"""
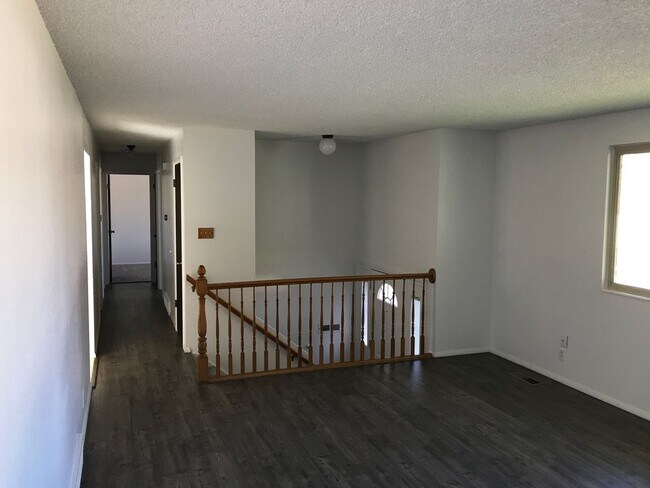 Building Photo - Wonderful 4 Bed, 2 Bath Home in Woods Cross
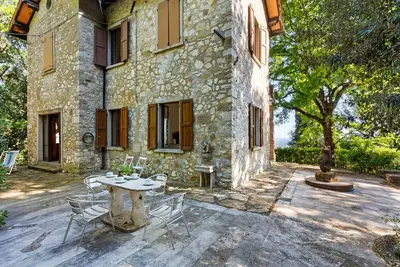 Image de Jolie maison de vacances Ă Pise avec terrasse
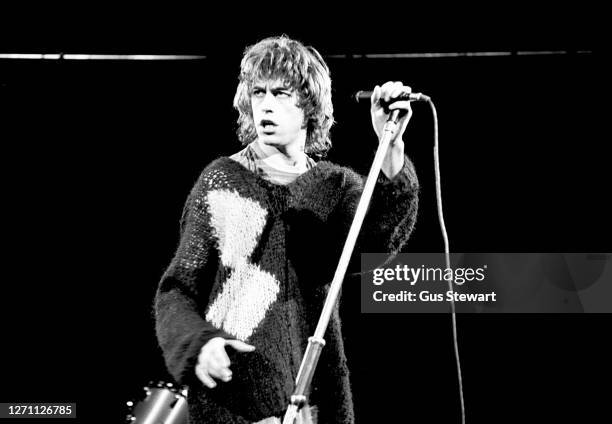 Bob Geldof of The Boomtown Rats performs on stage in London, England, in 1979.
"""
### WORK ORDER
The answer is the full listing above, reproduced character for character, minus its images.

### WORKED SOLUTION
 Building Photo - Wonderful 4 Bed, 2 Bath Home in Woods Cross
 Image de Jolie maison de vacances Ă Pise avec terrasse
 Bob Geldof of The Boomtown Rats performs on stage in London, England, in 1979.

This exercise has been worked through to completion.